Je me concentre fort, car le combat m'a pris beaucoup de mes forces et je sens que je ne suis pas en pleine possession de mes capacités, et je force ma magie à sortir, brisant les chaînes de magie qui m'entravaient ; et propulsant sous la force de la magie surpuissante à l'état brut, les cinq autres personnes dans la pièce contre les murs.

Immédiatement la magie des gardes est fortement perturbée, et ils relâchent Lucas, vers qui je me précipite aussitôt.

-Lève-toi ! On y va !

Tous sont sonnés, et je parviens à lancer d'une main des jets de flammes qui déstabilisent et tiennent occupés nos ennemis, tandis que de l'autre je tire Lucas derrière moi jusqu'à la porte de la pièce.

-Tu franchis cette porte Lucas, tu seras toi aussi condamné ! N'oublie pas qui est ta réelle famille, et quel est ton rôle et ta place !

Avec Lucas nous nous retournons vers notre père, qui s'est relevé et nous fusille d'un regard noir de colère et de haine.

-Ma vraie famille, c'est celle qui m'aime pour ce que je suis et qui ne me force pas à être quelqu'un d'autre.

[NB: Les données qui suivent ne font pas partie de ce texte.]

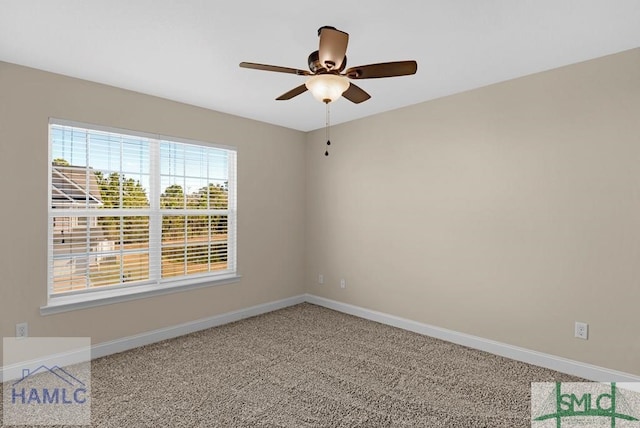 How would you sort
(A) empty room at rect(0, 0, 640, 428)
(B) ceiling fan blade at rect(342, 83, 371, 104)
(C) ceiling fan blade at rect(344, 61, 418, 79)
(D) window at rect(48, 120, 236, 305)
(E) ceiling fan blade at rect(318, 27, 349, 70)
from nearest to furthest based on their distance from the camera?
(E) ceiling fan blade at rect(318, 27, 349, 70) → (C) ceiling fan blade at rect(344, 61, 418, 79) → (A) empty room at rect(0, 0, 640, 428) → (B) ceiling fan blade at rect(342, 83, 371, 104) → (D) window at rect(48, 120, 236, 305)

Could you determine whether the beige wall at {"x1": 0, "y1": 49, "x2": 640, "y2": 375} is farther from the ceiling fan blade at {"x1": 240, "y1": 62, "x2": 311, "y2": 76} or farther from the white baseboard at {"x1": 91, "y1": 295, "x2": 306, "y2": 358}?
the ceiling fan blade at {"x1": 240, "y1": 62, "x2": 311, "y2": 76}

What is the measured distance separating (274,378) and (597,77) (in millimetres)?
3429

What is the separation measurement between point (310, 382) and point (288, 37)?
8.28ft

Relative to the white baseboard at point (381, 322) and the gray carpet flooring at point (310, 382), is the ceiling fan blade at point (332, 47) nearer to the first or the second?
the gray carpet flooring at point (310, 382)

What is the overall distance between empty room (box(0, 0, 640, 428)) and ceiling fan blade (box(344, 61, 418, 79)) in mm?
24

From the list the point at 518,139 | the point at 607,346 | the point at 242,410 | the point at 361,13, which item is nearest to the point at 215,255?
the point at 242,410

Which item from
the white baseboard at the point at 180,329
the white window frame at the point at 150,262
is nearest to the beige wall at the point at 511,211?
the white baseboard at the point at 180,329

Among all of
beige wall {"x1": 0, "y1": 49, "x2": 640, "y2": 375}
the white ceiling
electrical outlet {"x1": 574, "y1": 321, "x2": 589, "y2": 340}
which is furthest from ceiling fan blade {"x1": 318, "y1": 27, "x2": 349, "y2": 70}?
electrical outlet {"x1": 574, "y1": 321, "x2": 589, "y2": 340}

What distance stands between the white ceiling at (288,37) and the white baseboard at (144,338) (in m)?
2.38

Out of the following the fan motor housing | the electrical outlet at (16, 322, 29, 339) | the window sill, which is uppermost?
the fan motor housing

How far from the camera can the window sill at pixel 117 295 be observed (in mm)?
2949

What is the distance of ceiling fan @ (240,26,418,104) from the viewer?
1900 millimetres

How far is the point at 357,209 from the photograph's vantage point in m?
4.39

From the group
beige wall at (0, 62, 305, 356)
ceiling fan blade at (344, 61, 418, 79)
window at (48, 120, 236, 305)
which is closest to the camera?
ceiling fan blade at (344, 61, 418, 79) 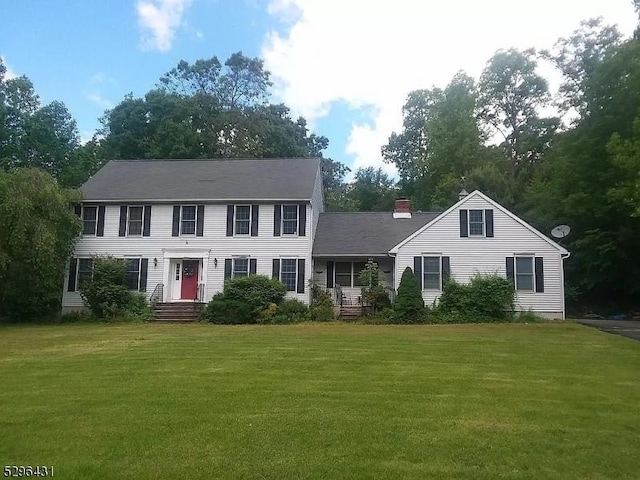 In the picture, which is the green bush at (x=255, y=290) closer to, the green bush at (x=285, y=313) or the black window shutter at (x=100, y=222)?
the green bush at (x=285, y=313)

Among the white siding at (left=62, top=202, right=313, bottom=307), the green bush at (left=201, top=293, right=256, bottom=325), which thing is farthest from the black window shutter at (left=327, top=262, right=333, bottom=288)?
the green bush at (left=201, top=293, right=256, bottom=325)

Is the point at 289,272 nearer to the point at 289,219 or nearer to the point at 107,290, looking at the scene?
the point at 289,219

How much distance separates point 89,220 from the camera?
82.3ft

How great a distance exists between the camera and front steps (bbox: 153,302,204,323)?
22469 millimetres

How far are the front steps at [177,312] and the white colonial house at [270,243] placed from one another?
26.0 inches

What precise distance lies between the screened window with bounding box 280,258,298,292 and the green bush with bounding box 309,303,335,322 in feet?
5.50

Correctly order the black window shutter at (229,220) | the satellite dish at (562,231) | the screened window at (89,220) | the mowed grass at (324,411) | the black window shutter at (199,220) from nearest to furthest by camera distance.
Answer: the mowed grass at (324,411) < the satellite dish at (562,231) < the black window shutter at (229,220) < the black window shutter at (199,220) < the screened window at (89,220)

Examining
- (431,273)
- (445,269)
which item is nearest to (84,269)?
(431,273)

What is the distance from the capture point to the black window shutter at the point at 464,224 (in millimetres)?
A: 22859

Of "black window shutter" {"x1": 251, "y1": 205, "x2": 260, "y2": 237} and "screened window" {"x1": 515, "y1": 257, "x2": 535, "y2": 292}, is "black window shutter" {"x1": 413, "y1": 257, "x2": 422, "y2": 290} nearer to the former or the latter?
"screened window" {"x1": 515, "y1": 257, "x2": 535, "y2": 292}

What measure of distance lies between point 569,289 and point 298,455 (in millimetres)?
25129

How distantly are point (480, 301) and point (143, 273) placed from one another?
47.3ft

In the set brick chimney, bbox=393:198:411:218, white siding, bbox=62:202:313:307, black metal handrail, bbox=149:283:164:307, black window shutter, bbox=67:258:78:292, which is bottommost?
black metal handrail, bbox=149:283:164:307

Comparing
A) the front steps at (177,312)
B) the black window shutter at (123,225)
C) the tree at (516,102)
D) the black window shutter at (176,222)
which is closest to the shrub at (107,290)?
the front steps at (177,312)
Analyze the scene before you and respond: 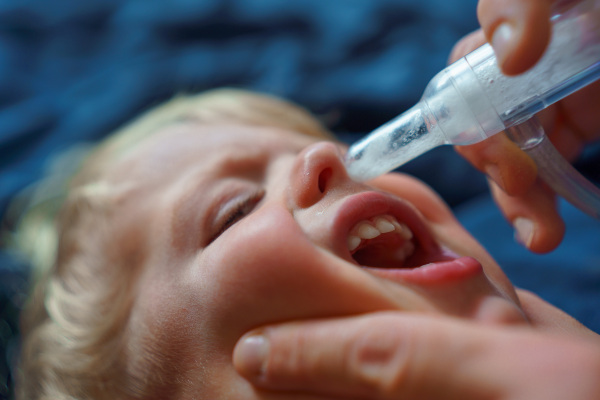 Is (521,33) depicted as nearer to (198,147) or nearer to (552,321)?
(552,321)

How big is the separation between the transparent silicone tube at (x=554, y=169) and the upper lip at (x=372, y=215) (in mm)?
173

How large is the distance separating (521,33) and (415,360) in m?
0.34

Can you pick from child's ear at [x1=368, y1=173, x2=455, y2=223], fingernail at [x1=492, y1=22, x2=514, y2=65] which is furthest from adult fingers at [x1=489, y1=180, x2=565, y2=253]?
fingernail at [x1=492, y1=22, x2=514, y2=65]

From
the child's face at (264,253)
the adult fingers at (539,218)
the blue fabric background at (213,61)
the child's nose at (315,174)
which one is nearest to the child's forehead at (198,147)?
A: the child's face at (264,253)

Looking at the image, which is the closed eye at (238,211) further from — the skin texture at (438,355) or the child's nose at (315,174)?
the skin texture at (438,355)

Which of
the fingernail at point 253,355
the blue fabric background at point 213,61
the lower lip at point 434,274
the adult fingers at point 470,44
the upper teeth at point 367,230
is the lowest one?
the lower lip at point 434,274

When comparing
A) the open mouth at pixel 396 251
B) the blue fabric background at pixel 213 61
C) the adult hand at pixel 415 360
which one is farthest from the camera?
the blue fabric background at pixel 213 61

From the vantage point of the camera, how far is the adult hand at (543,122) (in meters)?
0.53

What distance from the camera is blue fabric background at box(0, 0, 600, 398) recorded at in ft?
5.11

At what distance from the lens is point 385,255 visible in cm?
77

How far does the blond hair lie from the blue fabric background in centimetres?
37

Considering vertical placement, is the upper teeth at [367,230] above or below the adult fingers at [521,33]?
below

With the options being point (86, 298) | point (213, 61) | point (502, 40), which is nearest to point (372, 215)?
point (502, 40)

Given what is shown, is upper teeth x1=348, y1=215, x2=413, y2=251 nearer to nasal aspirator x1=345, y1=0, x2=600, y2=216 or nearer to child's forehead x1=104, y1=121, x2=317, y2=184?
nasal aspirator x1=345, y1=0, x2=600, y2=216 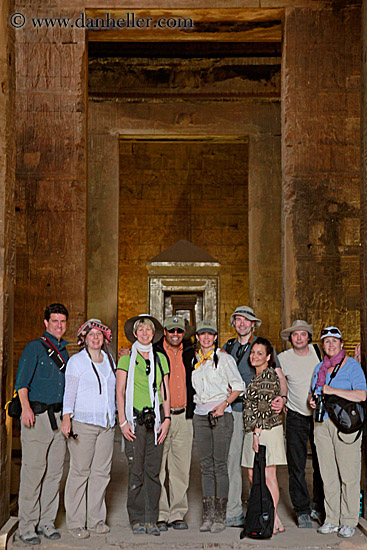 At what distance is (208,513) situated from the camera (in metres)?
5.18

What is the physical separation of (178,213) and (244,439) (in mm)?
13900

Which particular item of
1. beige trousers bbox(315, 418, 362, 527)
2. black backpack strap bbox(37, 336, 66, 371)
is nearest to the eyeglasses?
black backpack strap bbox(37, 336, 66, 371)

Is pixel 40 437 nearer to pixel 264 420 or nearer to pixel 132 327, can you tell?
pixel 132 327

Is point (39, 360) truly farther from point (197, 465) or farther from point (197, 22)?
point (197, 22)

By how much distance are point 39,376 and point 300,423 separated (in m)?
2.13

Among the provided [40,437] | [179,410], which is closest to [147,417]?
[179,410]

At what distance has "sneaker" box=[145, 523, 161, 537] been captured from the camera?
16.5ft

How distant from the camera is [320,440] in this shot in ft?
16.9

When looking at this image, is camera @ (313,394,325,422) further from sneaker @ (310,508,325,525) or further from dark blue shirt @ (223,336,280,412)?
sneaker @ (310,508,325,525)

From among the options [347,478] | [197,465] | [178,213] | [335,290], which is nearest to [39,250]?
[197,465]

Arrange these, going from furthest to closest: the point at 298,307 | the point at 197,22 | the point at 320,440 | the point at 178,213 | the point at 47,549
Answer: the point at 178,213 → the point at 197,22 → the point at 298,307 → the point at 320,440 → the point at 47,549

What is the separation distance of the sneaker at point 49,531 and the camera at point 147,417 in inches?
40.5

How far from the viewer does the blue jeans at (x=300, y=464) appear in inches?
209

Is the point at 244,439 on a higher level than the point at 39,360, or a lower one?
lower
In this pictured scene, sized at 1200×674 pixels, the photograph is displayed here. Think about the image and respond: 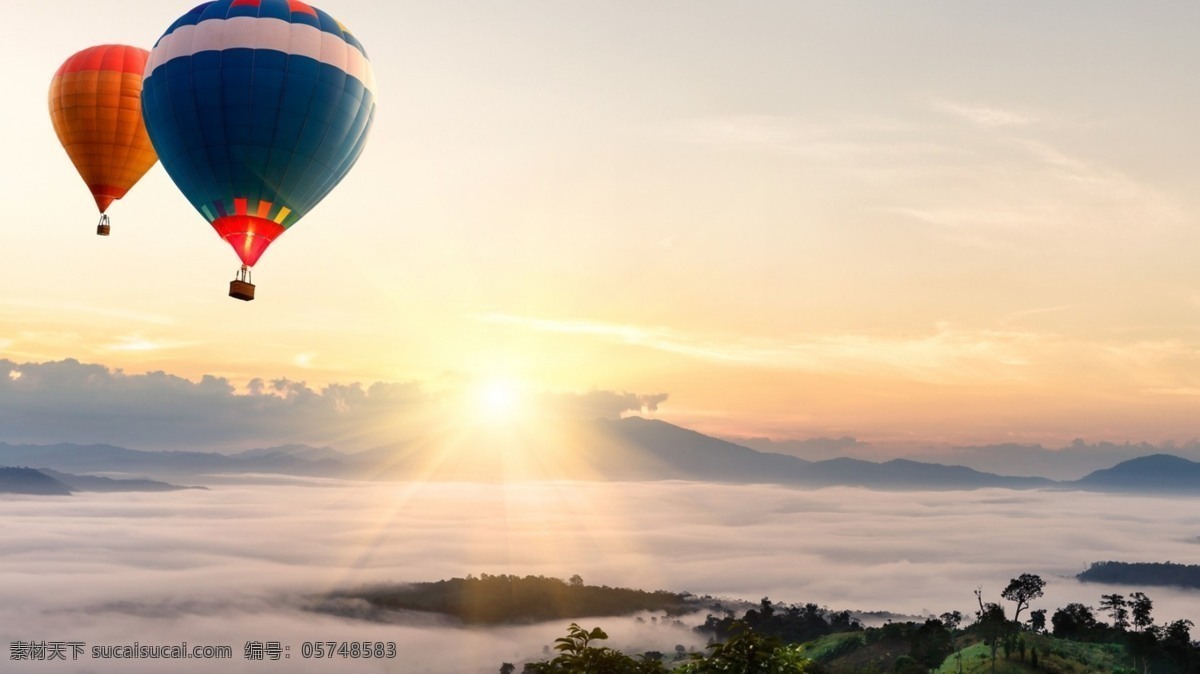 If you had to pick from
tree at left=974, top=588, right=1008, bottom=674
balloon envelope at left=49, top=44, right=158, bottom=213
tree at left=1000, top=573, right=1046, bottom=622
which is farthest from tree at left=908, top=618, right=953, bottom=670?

Et sur ces mots il crée une barrière de flammes, lumineuses comme je n'en ai jamais fait, tellement large qu'elle nous enlève à la vue des quatre hommes nous faisant face ; et il m'entraîne à sa suite hors de la pièce dans laquelle nous n'avons en tout pas passé plus de quinze minutes.

On court à travers les couloirs et les salles, on emprunte quelques passages cachés que je n'aurais jamais trouvé par moi-même si j'avais dû m'échapper seule. Une fois arrivés dans une petite pièce vide et éclairée seulement par une torche présente à une dizaine de mètres dans un couloir qui nous fait face, Lucas s'arrête, et j'en profite pour récupérer ma respiration.

-C'était quoi cette vague magique tout-à-l'heure ?

-Ma mère est une magicienne de l'amour, j'ai hérité de ses capacités à projeter sa magie hors d'elle qu'elle a développé lors de la répression contre les magiciens de l'amour.

-Une magicienne de l'amour ?! Mais ils sont sensé avoir tous disparus il y a quarante ans ! Enfin, on est pratiquement sûrs qu'il en reste un petit groupe quelque part dans Islya, mais sur Terre... ?!

-Et bien oui il y a une communauté de magiciens de l'amour sur Terre.

-Alors c'est là qu'on doit aller se réfugier.

-Se réfugier ?

Lucas me regarde gravement.

-Je crois que tu n'as pas encore tout-à-fait compris ce qui vient de se passer... On est tous les deux, ainsi que Randel, condamnés à mort.

-Mais tu es l'héritier ! Il ne peut pas te tuer, tu es encore le seul enfant légitime qu'il a !

-Plus maintenant. L'enfant que porte ma mère se porte très bien d'après les derniers rapports médicaux, et il pourra très bien prendre la suite de mon père...

-Alors comment on fait ?

Lucas ferme les yeux et se pince l'arrête du nez plusieurs secondes le temps de réfléchir.

-Le portail de feu se trouve sur une île à quatre heures de bateau au nord de la capitale. Il faut qu'on trouve Randel au plus vite et qu'on se dépêche d'y aller, notre temps nous est compté.

-Et comment on retrouve ton copain ?

-On va à l'endroit où on se retrouve à chaque fois, la boutique d'un serrurier aveugle à quelques minutes du château.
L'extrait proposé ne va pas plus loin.